China's caviar goes on world dinner table

   Date:2012-03-26

Caviar made of sturgeon eggs is known as "soft gold". It is one of the three most expensive foods in the world including saffron essence and truffle par.

There are more than 20 kinds of sturgeons, but only three of them Beluga, Ossietra and Sevruga are recognized as raw materials of real caviar on the traditional market.

In 2011, some sturgeon stocks from the Caspian Sea, the traditional source for making caviar over the past century, became unwelcome to world buyers and consumers started looking for an alternative.

As early as 1997, the Chinese Academy of Fishery Sciences imported tens of millions of fertilized sturgeon eggs from Russian Siberia for hatching. At the same time, its scientists also carried out breeding of wild sturgeons in the Heilongjiang River in northeast China.

In the summer 2003, as only being able to live in water between 15-23 degrees Celsius, many tons of sturgeons transported to the Thousand Island Lake, east China's Zhejiang province, died in batches due to water temperature rising to as high as 35 degrees Celsius.

Now the Hangzhou Sturgeon Technology Co., Ltd. has raised over 20 million sturgeons in the lake after overcoming numerous difficulties. Every summer when water becomes a bit warmer, fishermen would move all the sturgeons from the lake to a huge pool on an island. Here, giant pumps pumped lake water from 15 meters deep to fill the pool for cooling the sturgeons.

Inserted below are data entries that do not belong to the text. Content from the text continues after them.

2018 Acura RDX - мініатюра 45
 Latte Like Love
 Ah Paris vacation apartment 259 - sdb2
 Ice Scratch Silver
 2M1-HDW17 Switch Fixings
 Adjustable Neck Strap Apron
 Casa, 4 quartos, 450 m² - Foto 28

Another difficulty at that moment was to identify the male from the female sturgeons before they reached three years old. "The male are not worth much, if male and female are raised mixed together for seven to ten years, we will no doubt make no money," said Wang Bin, a researcher with the Chinese Academy.

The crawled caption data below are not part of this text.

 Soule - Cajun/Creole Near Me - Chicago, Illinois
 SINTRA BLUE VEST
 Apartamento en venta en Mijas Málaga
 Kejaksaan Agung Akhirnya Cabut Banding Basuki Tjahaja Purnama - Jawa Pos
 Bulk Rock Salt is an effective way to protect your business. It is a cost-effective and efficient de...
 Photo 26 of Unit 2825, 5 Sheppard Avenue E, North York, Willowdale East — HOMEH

Not being able to tell the sturgeon's gender from their appearance, fishermen ultimately had to invite experts from Hungary to do the sex determination.

It was a huge task -- more than 20 million sturgeons each had to do B ultrasound or puncture samples for microscopic examination.

“Eggs can be extracted only during the first 11 weeks of the sturgeon's stage 4 maturity, that is, during the eighth year of its life," Wang said. "This is very difficult to master. If a little bit too early, eggs are not rich enough, vice versa, eggs get withered."

Once extracted, 16 processing operations for the eggs must be completed within 15 minutes, when everything is done by human hands depending on their feels. The difficulty is that at that time, no Chinese fishermen knew well about how to handle these high-priced, fragile products. Having no choice, they invited processing masters from Iran to help out at high cost.